Health Minister Simon Hamilton today published the new research and development (R&D) strategy for the Health and Social Care (HSC) sector.
With investment of over £10million annually, the new strategy aims to enhance the health, wellbeing and prosperity of people in Northern Ireland through world renowned research and development.
During his visit to meet the staff at Northern Ireland Regional Virus Laboratory and HSC Innovations at the Royal Victoria Hospital the Minister commented: “The priority I give to R&D and innovation in the public sector generally and the health sector specifically is no secret and I want to congratulate the staff at the Regional Virus Laboratory and HSC Innovations for the work they have carried out recently in developing and licensing a rapid test for a severe form of bacterial meningitis. There is no doubt that this research has the potential to reduce morbidity and mortality by facilitating early diagnosis and treatment.
“It is particularly appropriate therefore that I am announcing the launch of the new Health and Social Care Research and Development strategy during my visit today.”
Outlining his priorities for research funding in the coming years the Minister said: “Northern Ireland is internationally acknowledged as a leader in many areas of health and healthcare related research.
“We only have to look at recent advances in research into the treatment of pancreatic cancer and cystic fibrosis as examples. Northern Ireland researchers also lead many clinical intervention trials in critical care and ophthalmology and our expertise in nutrition and food research is widely acknowledged.

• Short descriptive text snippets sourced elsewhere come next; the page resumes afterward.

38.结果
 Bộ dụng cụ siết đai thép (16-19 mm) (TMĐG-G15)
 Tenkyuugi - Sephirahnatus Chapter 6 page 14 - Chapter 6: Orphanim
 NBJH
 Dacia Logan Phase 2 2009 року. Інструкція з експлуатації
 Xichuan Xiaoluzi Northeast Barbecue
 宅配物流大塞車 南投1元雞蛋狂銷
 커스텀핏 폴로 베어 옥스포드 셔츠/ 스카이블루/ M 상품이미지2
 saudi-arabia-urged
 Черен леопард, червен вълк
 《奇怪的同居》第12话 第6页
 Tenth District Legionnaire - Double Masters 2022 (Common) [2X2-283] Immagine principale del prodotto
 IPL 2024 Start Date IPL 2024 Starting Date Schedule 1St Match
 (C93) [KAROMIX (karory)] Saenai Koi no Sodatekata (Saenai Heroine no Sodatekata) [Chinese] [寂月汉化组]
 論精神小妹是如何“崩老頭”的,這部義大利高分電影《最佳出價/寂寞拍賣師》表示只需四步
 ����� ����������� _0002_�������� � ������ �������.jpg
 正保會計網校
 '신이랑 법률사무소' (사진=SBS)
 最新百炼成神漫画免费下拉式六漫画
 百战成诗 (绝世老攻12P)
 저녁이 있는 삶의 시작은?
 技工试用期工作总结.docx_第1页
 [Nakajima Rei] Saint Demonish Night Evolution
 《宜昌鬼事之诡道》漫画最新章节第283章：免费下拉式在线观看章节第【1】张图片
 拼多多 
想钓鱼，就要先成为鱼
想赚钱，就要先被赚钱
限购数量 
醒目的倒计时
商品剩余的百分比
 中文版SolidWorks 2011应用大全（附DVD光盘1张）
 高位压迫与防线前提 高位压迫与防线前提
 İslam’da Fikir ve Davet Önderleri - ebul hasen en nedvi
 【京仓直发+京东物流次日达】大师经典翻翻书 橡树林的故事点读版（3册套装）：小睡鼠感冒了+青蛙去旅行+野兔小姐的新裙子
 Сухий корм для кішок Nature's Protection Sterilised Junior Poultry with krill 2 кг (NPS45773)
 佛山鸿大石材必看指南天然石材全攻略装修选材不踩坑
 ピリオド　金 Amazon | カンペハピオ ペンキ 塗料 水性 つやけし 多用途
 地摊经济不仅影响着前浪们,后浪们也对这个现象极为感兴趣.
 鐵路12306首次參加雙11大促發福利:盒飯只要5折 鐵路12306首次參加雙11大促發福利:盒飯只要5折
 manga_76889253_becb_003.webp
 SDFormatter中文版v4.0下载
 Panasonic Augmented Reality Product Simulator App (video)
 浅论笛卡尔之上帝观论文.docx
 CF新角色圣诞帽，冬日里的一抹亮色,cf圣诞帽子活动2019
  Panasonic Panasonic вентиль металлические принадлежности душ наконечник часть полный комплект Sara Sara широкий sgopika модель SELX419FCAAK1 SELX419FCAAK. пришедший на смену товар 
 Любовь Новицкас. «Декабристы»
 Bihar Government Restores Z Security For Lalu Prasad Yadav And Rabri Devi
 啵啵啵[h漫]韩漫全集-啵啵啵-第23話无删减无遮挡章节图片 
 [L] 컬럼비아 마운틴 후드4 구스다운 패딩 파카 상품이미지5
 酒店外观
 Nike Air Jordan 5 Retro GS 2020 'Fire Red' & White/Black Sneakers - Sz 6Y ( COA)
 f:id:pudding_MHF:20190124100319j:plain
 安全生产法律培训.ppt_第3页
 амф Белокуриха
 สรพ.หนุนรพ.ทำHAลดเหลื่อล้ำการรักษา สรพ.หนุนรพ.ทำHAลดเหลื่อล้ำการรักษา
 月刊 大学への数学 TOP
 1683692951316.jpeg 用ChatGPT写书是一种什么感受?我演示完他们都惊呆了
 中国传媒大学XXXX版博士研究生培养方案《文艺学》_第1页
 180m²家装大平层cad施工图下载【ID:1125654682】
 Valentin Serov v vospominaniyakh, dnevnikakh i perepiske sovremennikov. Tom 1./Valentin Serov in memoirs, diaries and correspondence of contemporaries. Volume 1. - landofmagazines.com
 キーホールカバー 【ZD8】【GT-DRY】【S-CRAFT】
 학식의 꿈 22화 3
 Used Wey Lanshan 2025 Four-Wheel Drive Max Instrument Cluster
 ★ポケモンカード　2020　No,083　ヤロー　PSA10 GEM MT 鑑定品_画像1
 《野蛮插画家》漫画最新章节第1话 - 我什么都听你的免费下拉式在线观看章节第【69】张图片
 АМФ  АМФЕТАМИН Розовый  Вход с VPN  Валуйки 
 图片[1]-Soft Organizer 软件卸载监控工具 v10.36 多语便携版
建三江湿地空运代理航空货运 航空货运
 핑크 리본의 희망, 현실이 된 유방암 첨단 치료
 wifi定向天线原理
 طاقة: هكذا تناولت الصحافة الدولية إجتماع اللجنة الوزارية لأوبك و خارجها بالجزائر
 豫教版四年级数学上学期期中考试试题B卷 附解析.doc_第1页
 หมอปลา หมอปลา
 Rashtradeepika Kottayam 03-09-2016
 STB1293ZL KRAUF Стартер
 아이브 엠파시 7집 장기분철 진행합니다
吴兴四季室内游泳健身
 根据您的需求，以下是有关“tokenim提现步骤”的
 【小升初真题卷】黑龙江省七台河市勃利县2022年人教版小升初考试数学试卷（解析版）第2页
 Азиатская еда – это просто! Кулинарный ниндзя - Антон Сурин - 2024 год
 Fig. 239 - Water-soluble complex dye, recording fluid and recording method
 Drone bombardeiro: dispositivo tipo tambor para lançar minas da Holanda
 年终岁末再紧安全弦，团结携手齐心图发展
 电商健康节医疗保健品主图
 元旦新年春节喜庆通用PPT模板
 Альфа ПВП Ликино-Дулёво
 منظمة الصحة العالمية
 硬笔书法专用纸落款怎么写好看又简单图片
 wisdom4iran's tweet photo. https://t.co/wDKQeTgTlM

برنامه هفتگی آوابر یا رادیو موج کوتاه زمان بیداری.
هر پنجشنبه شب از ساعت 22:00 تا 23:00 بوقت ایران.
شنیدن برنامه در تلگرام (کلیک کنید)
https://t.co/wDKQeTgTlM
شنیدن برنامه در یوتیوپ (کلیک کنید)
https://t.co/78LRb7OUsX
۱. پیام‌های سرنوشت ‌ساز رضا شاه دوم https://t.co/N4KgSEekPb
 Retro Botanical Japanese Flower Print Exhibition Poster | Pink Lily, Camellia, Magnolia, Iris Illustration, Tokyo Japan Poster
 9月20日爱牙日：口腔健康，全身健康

“Recognition of Northern Ireland as a centre of excellence for research into precision medicine across the UK also enhances our standing while the innovative work of the Northern Ireland Genomic Medicine Centre will continue to build our reputation internationally.”
The strategy aims to build on the success of its predecessor, strengthening links between research and better policy making, increasing success in competing for additional funding, enhancing our research infrastructure and effectively communicating the findings.
Independent evaluation of the impact of previous investment in this area has highlighted significant benefits, including:
· An estimated £4.14 additional funding attracted to research per £1 of HSC R&D funding allocated;
· Support of 1.3 jobs per project funded;
· high quality peer reviewed publications;
· high quality posts secured by clinical and academic research staff;
· creating opportunities to attract additional funding through direct partnerships with other funders.
The Minister continued: “I welcome the strong emphasis on innovation throughout the strategy, for example in support of the establishment of a Northern Ireland Health Innovation and Life Sciences Hub and equally support being given to key national initiatives such as the 100,000 Genomes Project. This is why I have used today’s visit to the Health and Social Care Innovations Service at the RVH to make this announcement.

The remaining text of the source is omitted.